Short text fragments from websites
◆ ◆ ◆ ◆

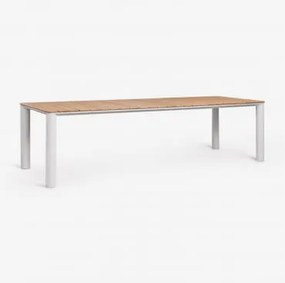 Mesa De Jardim Retangular Em Alumínio E Madeira De Teca Sirka Gardénia Branco & 285 X 105 Cm - Sklum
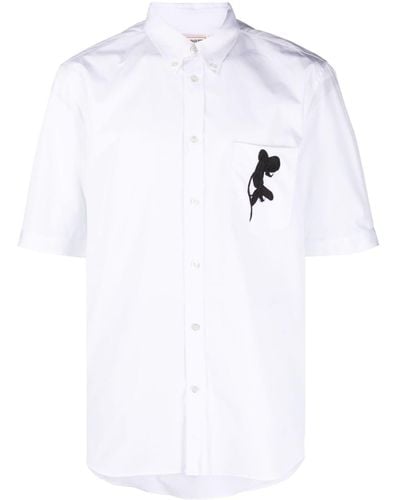 Alexander McQueen Orchid-embroidered Cotton Shirt - White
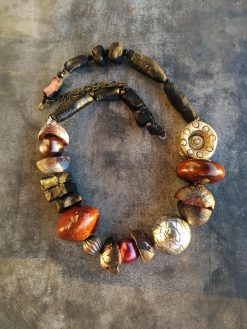 Beaded Choker, Classic Statement Jewelry, Big Bold Chunky Necklaces, Metallic & Ceramic Sculptured Brutalist Design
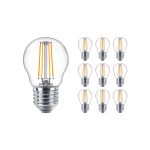 Multipack 10x Philips Master Value LEDluster E27 Ball Filament Clear 3.4W 470lm - 927 Extra Warm White | Best Colour Rendering - Dimmable - Replaces 40W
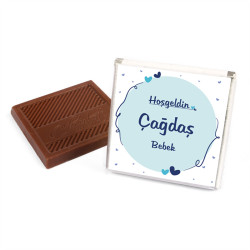 Adorable Baby Boy Chocolate Tray with 70 pc Personalized Chocolates & Chocolate Dragees. - 9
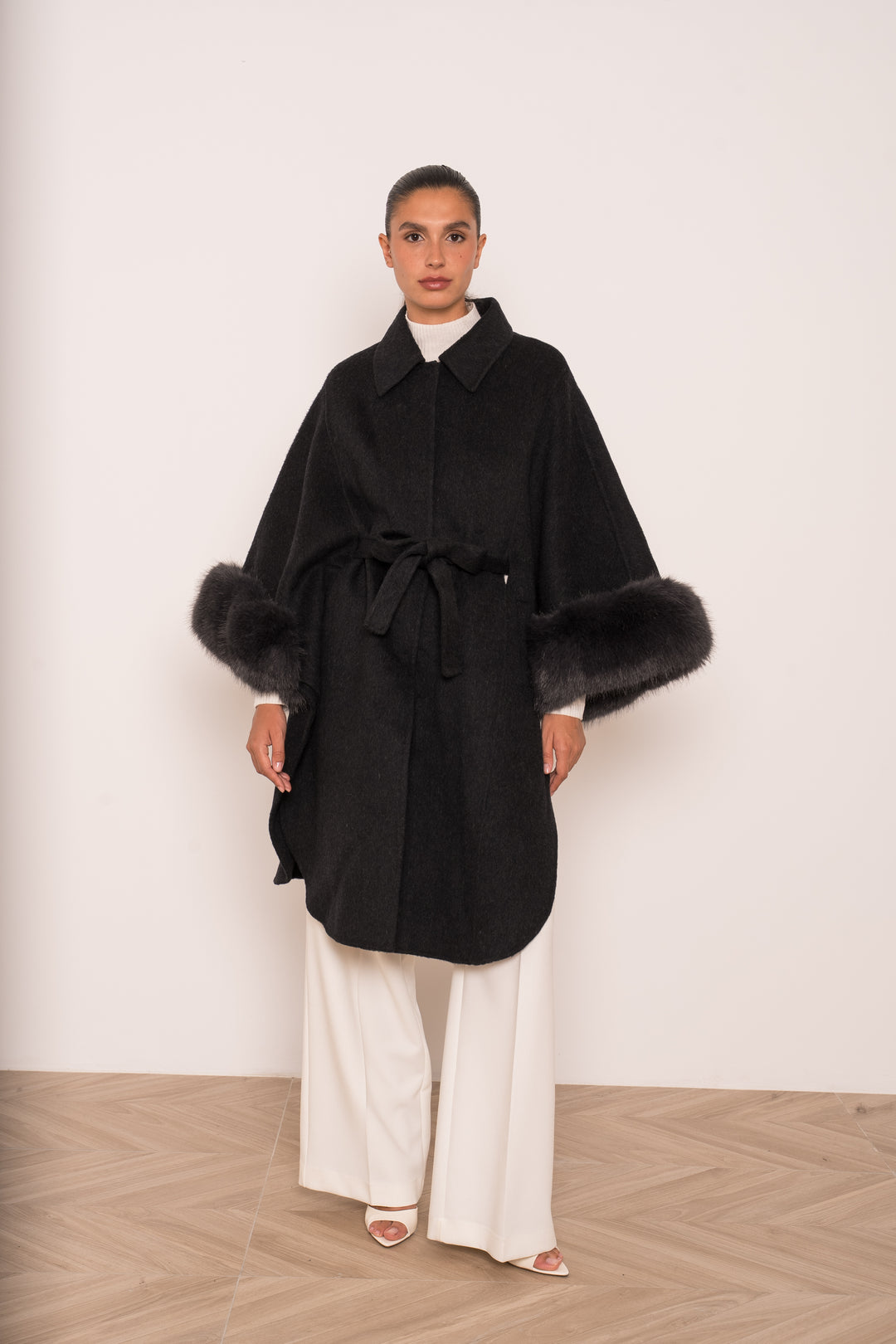 Manteau long laine aux fourrures Gris 26135 (version long)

◆ ◆ ◆ ◆

* **Your assignment**
No pictures belong in the output. Restate word for word only the lines from the one containing "Alexander McQueen Orchid-embroidered" to the end of the entries above.

* **Task response**
 Alexander McQueen Orchid-embroidered Cotton Shirt - White
 Beaded Choker, Classic Statement Jewelry, Big Bold Chunky Necklaces, Metallic & Ceramic Sculptured Brutalist Design
 Multipack 10x Philips Master Value LEDluster E27 Ball Filament Clear 3.4W 470lm - 927 Extra Warm White | Best Colour Rendering - Dimmable - Replaces 40W
 Adorable Baby Boy Chocolate Tray with 70 pc Personalized Chocolates & Chocolate Dragees. - 9
 Manteau long laine aux fourrures Gris 26135 (version long)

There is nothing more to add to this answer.